The boys walked around the ruin several times and lifted up a few of the half-burnt logs. It was easy to see that the cabin was a total wreck. Snap heaved a mountainous sigh and so did the others.
"We'll have to clear all this stuff away and build a brand new cabin," said Shep. "All these old logs are good for is firewood."
"That is true, Shep," answered Snap. "What I am thinking of is, what are we to do to-night? We can't stay out in the open air. It is growing colder every minute."
"Well, I am not going home," came quickly from Giant. "I'd rather freeze!"
"Who said anything about going home?" demanded Whopper. "Why, I wouldn't go home in a thousand years, cabin or no cabin. We can rig up some sort of shelter of pine boughs and then build another cabin."
"I know a dandy spot for another cabin," said Snap. "Don't you remember I mentioned it to you, Shep, last summer? The spot where the young trees stood so close together in a circle?"
"Just the place," answered the doctor's son.
Standing around was cold work and the young hunters lost no time in cutting some dry brushwood and building a fire, on which they placed several of the half-burnt logs. It was now the middle of the afternoon and they knew they must work vigorously if they wanted any sort of a suitable shelter against the cold before nightfall.
The spot Snap had mentioned was less than two hundred feet up the lake front. Here, behind some bushes which would keep off considerable wind, was an almost perfect circle of trees, the diameter inside being about fifteen feet. The trees were mostly young and not very tall and the lower branches were not over ten feet from the ground on an average.
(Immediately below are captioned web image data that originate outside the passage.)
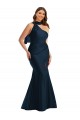 Dark Navy Mermaid Halter Neck Long Formal Plus Size Evening Gown / Prom Dress / Bridesmaid Dress Hobart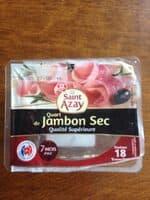 Quart de Jambon Sec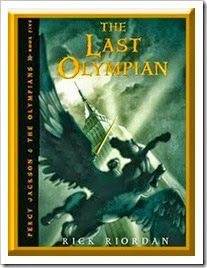 The Last Olympian by Rick Riordan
"We can cut off the tops of the trees and then bind in some of the branches for a roof," said Snap. "Over those branches we can bind others, with strips of bark between. We can cut the trees higher on one side of the circle than on the other, so the snow and rain can run off. Then we can bind in brushwood and bark for the sides, between the trees, leaving one spot open for a rough sort of chimney, which we'll have to build up of flat rocks. It won't make as nice a cabin as the other was, but it is the best we can do in this wintry weather, and I think, with a good fire going, we can make it fairly comfortable inside."